When Chris Cabot ’97 took the assignment to launch Value Retail China, a new venture of Value Retail, he had nearly ten years experience working across a half dozen countries in Europe as the chief operating officer of the company. Value Retail specializes in the development and management of luxury outlet shopping “villages,” targeting European gateway locations such as London, Paris, Barcelona, Madrid, and Milan. At this point in his career, the role as president of Value Retail China could’ve seemed like just moving into one more market: Take what’s worked before and do it again.

But Cabot knew better than to make assumptions about China. He has learned that in international business, knowledge in one place often equals ignorance in another. “The key trait you need as a leader and an employee is humility—to understand that you’re going to need to adapt,” he said. “When we walk into a market we assume we know absolutely nothing. We listen.”

This spring, the company opened its first outlet village in Suzhou, a city near Shanghai with a population of roughly 10 million. Cabot said that the location was chosen after an extensive search. Value Retail’s strategy has been to build its outlet shopping villages outside major tourist cities, aiming to attract fashion-conscious buyers without encroaching on the flagship stores of the brands it sells. Suzhou is a 20-minute train ride from Shanghai, one of the most visited cities in China. “It fits perfectly into our core business strategy,” Cabot said. “We’re confident in this location. It is by a lake called the Yangcheng, which is famous for the hairy crab, a delicacy throughout Asia.”

Entering a new market is always a learning experience for Cabot. One of his first tasks is to master the differences in culture. Cabot has many stories about encountering unexpected cultural difficulties—and the need to adapt to them. “In Barcelona, we had these beautiful trees, but it turned out that in Spain they were associated with death. So we had to pull them all out. We could’ve charged ahead and stuck to our plan, but we adapted.”

The company has also had to adapt is to changes in its customers. For a long time, the dominant consumer was a European woman who otherwise shopped full price in Europe’s gateway cities. Chances were good that if she shopped at the village outside London, she was English. Over the last decade or so, the woman who shops the leading international fashion and luxury brands in Europe’s capital cites has become more and more likely to come from Asia, Russia or the Middle East, shopping while on a trip. Within that group, Chinese have become dominant. This sparked the company’s decision to look at expansion into China.

Even while Chinese customers have been ascendant, they have been changing. Cabot noted a transformation in just the last several years that has played a major role in determining how Value Retail would enter China. As consumers in a developing country become more affluent, he said, they move up what is called the “luxury curve.”At first, they buy products that signal their increasing wealth, such as a t-shirt that says Dolce & Gabbana. As they become richer, their purchases become more sophisticated and subtler, with less obvious branding. Eventually, they graduate to custom-made couture. “This has happened incredibly quickly in China,” said Cabot. “This is my ninth country and the pace has been staggering.”

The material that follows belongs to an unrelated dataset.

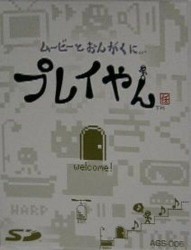 Playan – Portable AV Player Rom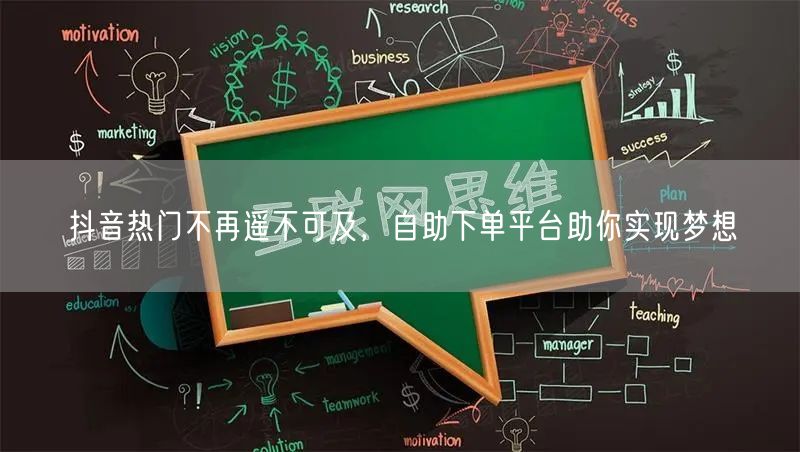 抖音热门不再遥不可及，自助下单平台助你实现梦想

Cabot stresses the importance of finding a local partner to help understand and advise the company in China. It’s a strategy that Value Retail has employed in other markets, finding that there’s no better way to understand a new culture than to work with those who know it intimately. “It can be incredibly difficult to get a handle on the national and local political situations,” he said. “Your partner should know how to get things done. They should also be able to help you understand the shadings of the business climate. In business there is black and white, and there is gray. Your partner needs to be able to tell you that no, you’re not in gray, but in black. It’s an incredibly important thing to do.”